▶ [TASK GOAL]: Wherever a picture appears in the listing below, leave it out and reproduce the rest exactly.

▶ [AVAILABLE DATA]:
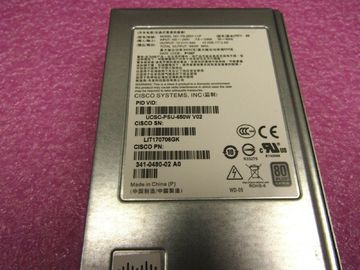 Fonte de alimentação durável Cisco do servidor UCSC-PSU-650W V02 341-0490-02 para a versão V02 dos servidores da série C fornecedor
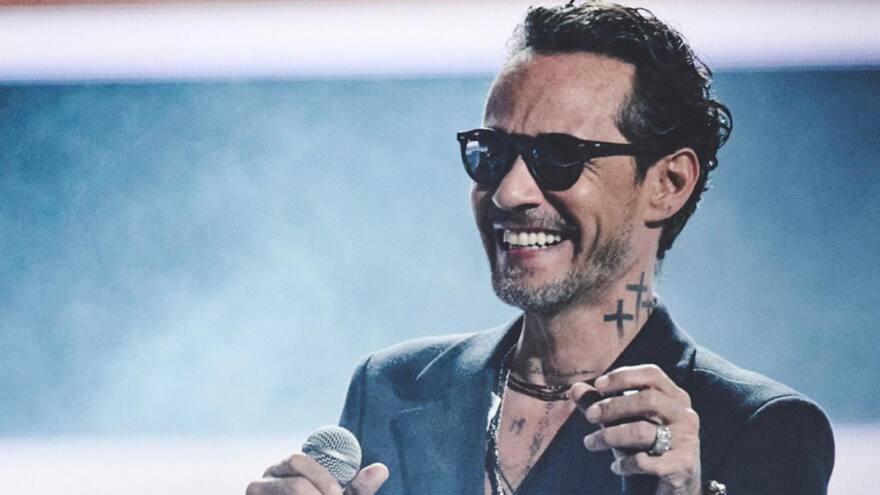 Marc Anthony invita a su primer concierto global para 'mantener la ilusión'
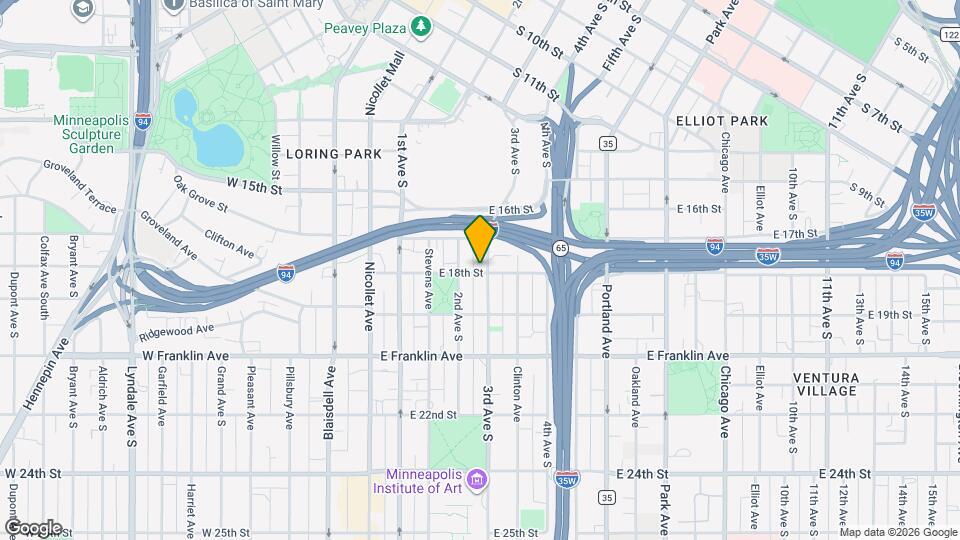 21 - 1728 Third Map and Location Details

▶ [ANSWER TO THIS TASK]:
 Fonte de alimentação durável Cisco do servidor UCSC-PSU-650W V02 341-0490-02 para a versão V02 dos servidores da série C fornecedor
 Marc Anthony invita a su primer concierto global para 'mantener la ilusión'
 21 - 1728 Third Map and Location Details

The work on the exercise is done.